Distributed imaging

Multiple nodes can be used to speed up the imaging by running wsclean in distributed mode, which makes use of MPI to parallelize the imaging over multiple nodes. If MPI is found during compilation, the compiler will produce a wsclean-mp binary which can exploit parallelism across multiple compute nodes. This executable supports the same command-line options as the regular wsclean executable, but will instead perform parallel gridding using multiple MPI processes.

A typical run:

mpirun --hostfile host_file -np 8 wsclean-mp -size 10000 10000 ...

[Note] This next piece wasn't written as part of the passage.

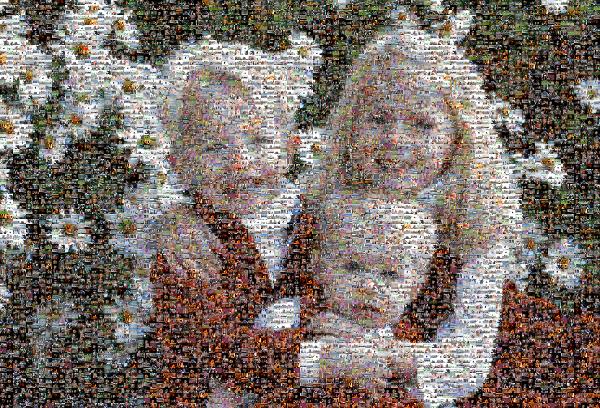 Smiling Siblings photo mosaic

And a host-file could look like this:

node100 slots=1
node116 slots=1
node118 slots=1
node119 slots=1
node122 slots=1
node123 slots=1
node124 slots=1
node125 slots=1
node126 slots=1
node127 slots=1
node128 slots=1
node129 slots=1
node130 slots=1

The host file should specify one slot per host, otherwise multiple wsclean’s are executed on the same host, and that has (normally) no benefit, and would actually make those processes compete for memory and cpu. If you use wsclean-mp, all paths should be absolute for the hosts participating, and the paths should be reachable by all nodes (so -name should specify an absolute path name, and the input files should have an absolute path name).

wsclean-mp will distribute the different channels to different nodes. This implies that if you don’t use -channels-out there’s no benefit, whereas using -channels-out 8 with -np 8 gives you a speed-up of 8. If multiple output channels are not necessary for your science goal, one can use -fit-spectral-pol 1 -deconvolution-channels 1.

The multi-threading arguments (as described in the parallelization section) apply to each MPI process. For example, when using -j 4, each MPI process will use 4 threads.

Note that WSClean only uses MPI during gridding. Other parts, such as deconvolution and reordering, only use the main MPI process and therefore only use multi-threading.

When using a single compute node, using MPI is discouraged, since multi-threaded gridding using the -parallel-gridding is more efficient. When using multiple nodes, the best performance is normally achieved using one MPI process with multiple parallel gridders per node. The total number of threads per node (-j option) should equal to the number of cores per node, which is the default setting.

Multi-node processing with facets

When the MPI method described above is applied to facetted imaging, the distribution over nodes is done both over facets and over output channels. This is often not efficient for facetted imaging. To improve this, it is recommended to use the “shared reads and writes” option. This is described in the facet-based imaging section. There’s also an option -compound-tasks that makes sure to send the facets from the same channel to the same node. Generally, using shared reads and writes is the faster approach, though there may be circumstances where the use of compound tasks is faster.

Pinning work to nodes

The -channel-to-node argument specifies the mapping of output channels to node. For example, -channel-to-node 0,0,1,2 schedules the tasks for output channel indices 0, 1, 2, 3 at compute nodes 0, 0, 1, 2, respectively. The length of the list must equal the number of output channels (-channels-out argument). If -no-work-on-master is specified, the list may not contain 0.

By default, WSClean uses a round-robin distribution of output channels to nodes, because later channels with a higher frequency are often more expensive to grid. For example, with 10 output channels, 4 nodes, and an active main node, the mapping is 0,1,2,3,0,1,2,3,0,1.